Availability: How Many 9s Are Enough?

By: Bob Landstrom

In today’s always-on world, it’s ironic that the most vital element powering the digital economy – data centres – are invisible. Business and individuals are so accustomed to seamless, 3G and 4G communication that they forget they’re being powered by bottom-of-the-stack technologies.

Unfortunately, it’s only when interruptions occur that the population understands how valuable data centres are to the digital supply chain. Recent international headlines announcing major networking outages, such as the United Airlines’ flight cancellations and the Singapore Exchange failure, provide a powerful lesson in how downtime translates into lost revenue.

The question then remains, how do businesses and their IT prevent downtime and, therefore, avoid jeopardising corporate reputation?
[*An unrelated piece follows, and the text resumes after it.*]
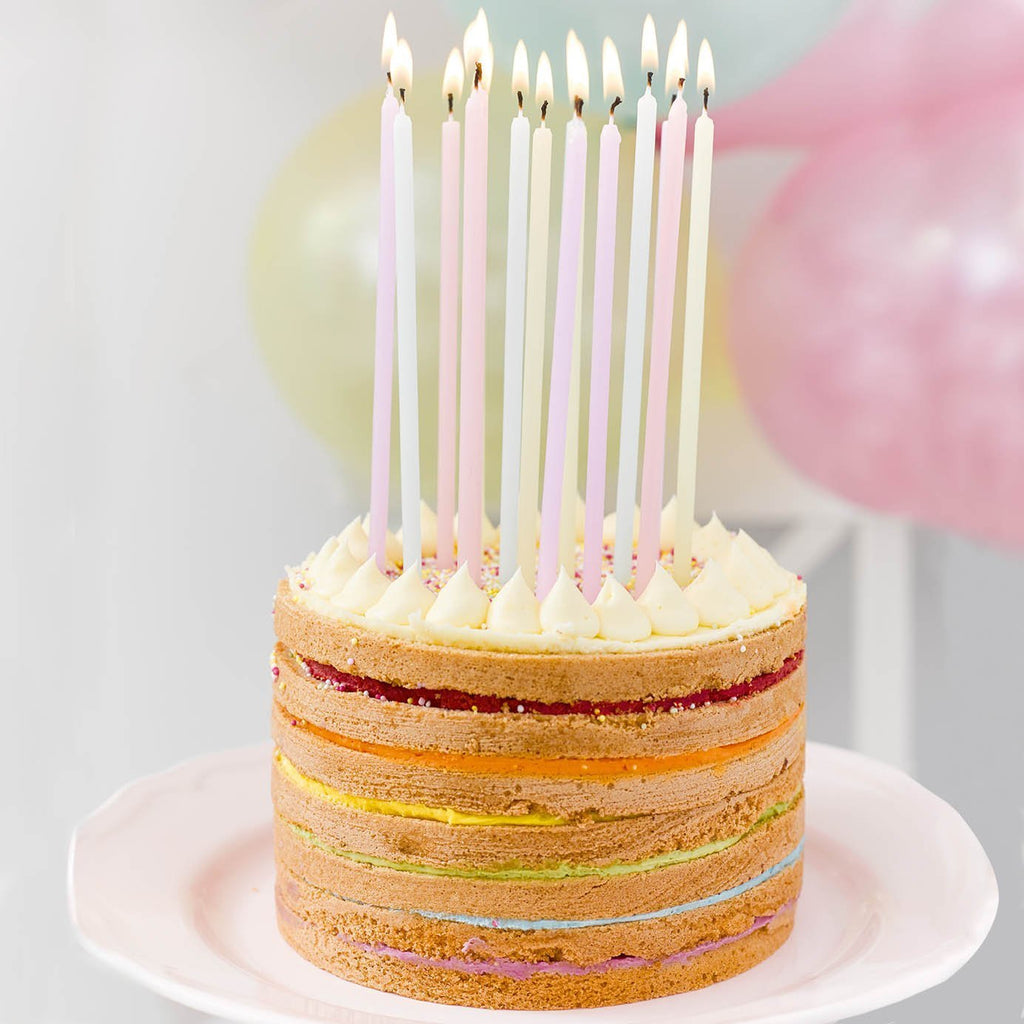 We Heart Pastel - Party Candles - the unicorn store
Understanding the term “availability” in the context of the number of “nines” as they both relate to data centres will provide clarity to business choosing the best ways to stay up and running.
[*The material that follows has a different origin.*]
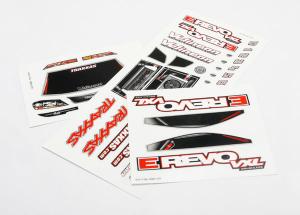 Traxxas Decal Sheets 1/16 E-Revo VXL TRX7113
Availability vs. Reliability

First, it’s important to understand the distinction between “availability” and its better-understood counterpart, “reliability.” Availability is a conditional probability that the system delivers the required service at the time it’s called upon to do so. Availability considers that when the system fails, it can be repaired and restored for service. That is, it includes the Mean Time to Repair (“MTTR,”) which is a critical aspect of availability and an important performance metric to consider when negotiating a service-level agreement (“SLA”) with a service prover. Availability is often expressed in terms of some number of nines. “Three 9’s,” for example, is the same as saying “99.9 percent availability.”
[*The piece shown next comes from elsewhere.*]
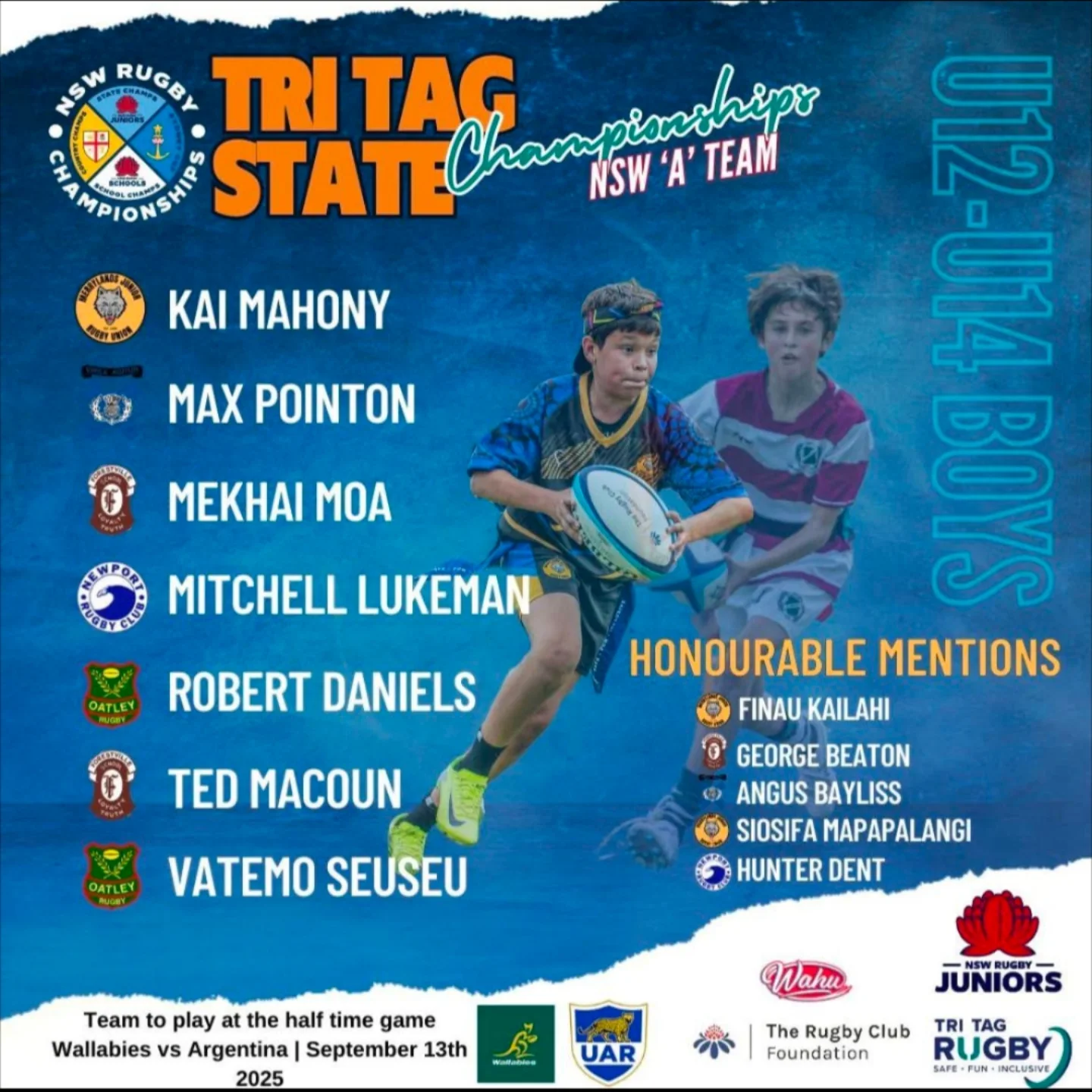 Congratulations to Savers Junior... - Manly Savers Rugby Club | Facebook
Availability is different from “reliability,” which is simply the probability of the system performing its function for a given period of time, under certain conditions. Reliability is often expressed in terms of Mean Time between Failure (“MTBF”) or Failure Rate. Unlike availability, reliability is not a conditional probability, and does not include maintenance or repair.

How Many 9s Are Enough?

Figure 1 below demonstrates the amount of time annually that a system is down (or unavailable,) given the number of nines availability that system has. This shows that that even a five-9s system has, on average, over five minutes of downtime annually.

% Availability Amount of time unavailable annually
99 88 Hours
99.9 8.8 Hours
99.99 53 Minutes
99.999 5.3 Minutes
99.9999 32 Seconds

 Figure 1

Settling for anything less than 5-nines availability could be the difference between revenue gains or loss. For businesses to maintain continuity, they must strive for service that is as close to 100 percent available as possible.

Availability in Real Life
The importance of availability in the data centre can best be understood when compared to real-life use cases. The following calculations all pertain to a three 9’s (99.9 percent) availability value:

  • 44 minutes of unsafe drinking water per month
  • 3 crash-landings per week at Heathrow
  • 3,000 letters lost by the Postal Service every hour
  • 2,000 surgical mistakes in the NHS every week
  • 9,000 incorrect banking debits per hour
  • 36,000 missed heartbeats per year (9 hours)

Like data centre operations, each preceding scenario has an exceedingly slim margin for error. Given the prevalence of real-world downtime within three 9’s availability, it’s evident that this performance rate is unacceptable.

Choosing Superior Availability

Modern computing demands make data centre availability as important today as ever. As businesses continue to shift toward hybrid IT environments, business-critical processes increasingly rely on applications from the cloud. Cloud services must be delivered from data centres offering five-9s availability and a proven track record over time.

It’s important to remember that availability depends on various characteristics of the data centre, such as design and operation, connectivity options, proximity to business and consumer centres, and scalability of power and space. Therefore, when selecting a data centre partner, business should consider multiple factors – a well-trained data centre operations team, mature Method of Procedures (“MOPs”) and Standard Operating Procedures (“SOPs”), disciplined security processes, superior engineering – that all combine to ensure superior availability performance.

Hypothetical tier ratings are interesting, but a demonstrated track record of strong availability performance, along with evidence of mature and disciplined data centre operations is important for minimising risk to a business.